Seems like it is the number one question on most couples’ minds these days.  Especially in a time when couples are really having to watch their budgets.  Should you really include plus ones?  I got the inspiration for this post from Emily over at Southern Weddings Magazine.

Just as she shares Ms. Post’s feelings on the subject, I am doing the same:

“The spouses, fiances/fiancees, and live-in partners of guests must be included, even if you don’t know them.  But you get to decide if you want single, unattached guests to bring dates.” (Etiquette, 17th Edition, page 572)

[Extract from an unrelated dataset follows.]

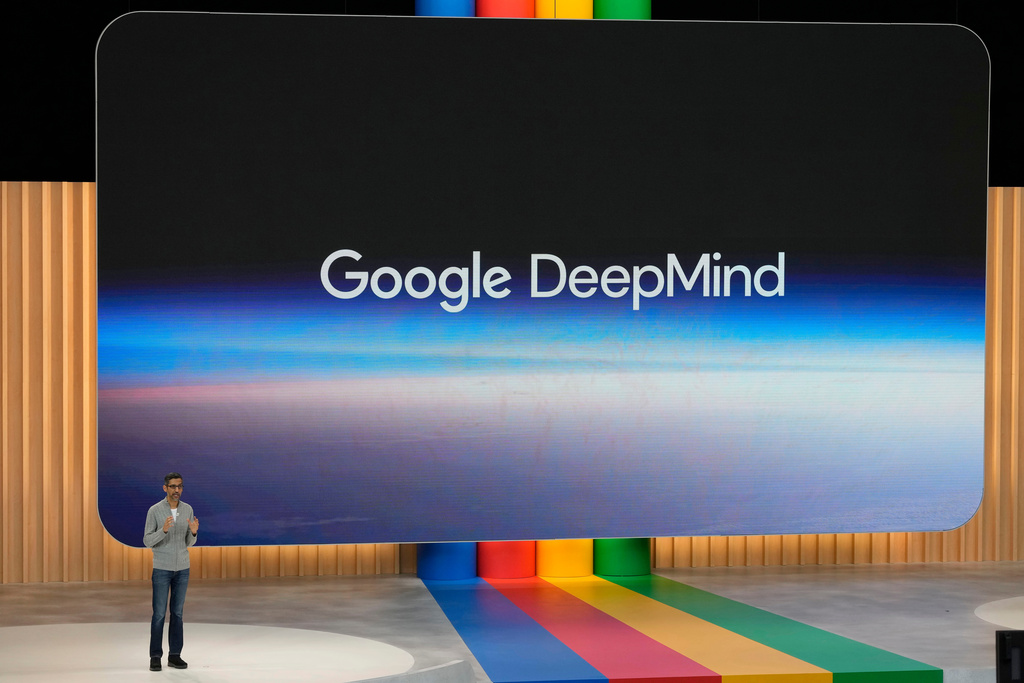 FILE - Alphabet CEO Sundar Pichai speaks about Google DeepMind at a Google I/O event in Mountain View, Calif., Wednesday, May 10, 2023. (AP Photo/Jeff Chiu, File)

The truth is, sometimes, it is awkward when you attend a wedding alone.  That is, unless you are there with a bunch of your single friends.  If you are trying to cut out the plus ones of your guest list, try completely re-evaluating your guest list.  Obviously the easiest way to save money is to cut the guest list.  Try including just those people who truly mean the most to you, and include their plus ones if they are single.  It’s a sticky situation, and if that is the route you truly want to go, at the end of the day, it is your wedding.  So do not let someone else’s opinion impact yours if you are set on a decision.

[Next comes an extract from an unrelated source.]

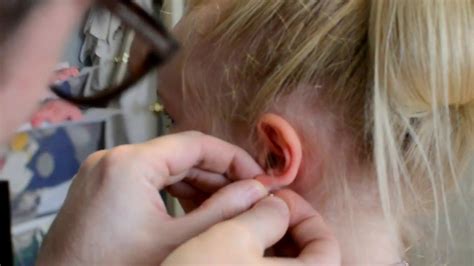 Painless Ear Piercing By Needle Youtube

And, there are other ways to cut down on budget if you really want to include those plus ones for your guests.  Opt for a buffet instead of a seated dinner, or even food stations.  Go for a DJ instead of a band.  Choose beer and wine with a signature cocktail instead of a full bar.  There are ways to work around it – you just have to get creative!

And, I’d click over and read Emily’s post when you get a chance, as she offers some great insight.  Plus, they feature several etiquette posts from Emily periodically.

5 Comments

  1. This is always a tough one. We opted not to do plus ones b/c of the budget and the size of our guest list. However, most of our single friends (which there are quite a few) are down to party single and have fun… so that also helped make the no plus one an easier decision. If there were only a few singles, i think i’d definitely not want to make them feel awkward and let them have a plus one.

    Ultimately its all about what you can afford and what you can do for your friends 🙂

  2. Landlocked Bride
    2:33 pm on January 7th, 2010

    @AmyJean I definitely think it is a wedding-by-wedding decision. The couple really needs to decide what works best for them and their budget. It does become a really tough decision at the end of the day! And, thanks for the blog love!

  3. […] is in follow-up to yesterday’s blog post regarding plus […]

  4. We let everyone bring a plus one. Although some people still came on their own. It’s polite!

  5. Although, our wedding wasn’t a by the head $$ type of dinner. If it was I am sure it would be a much harder decision.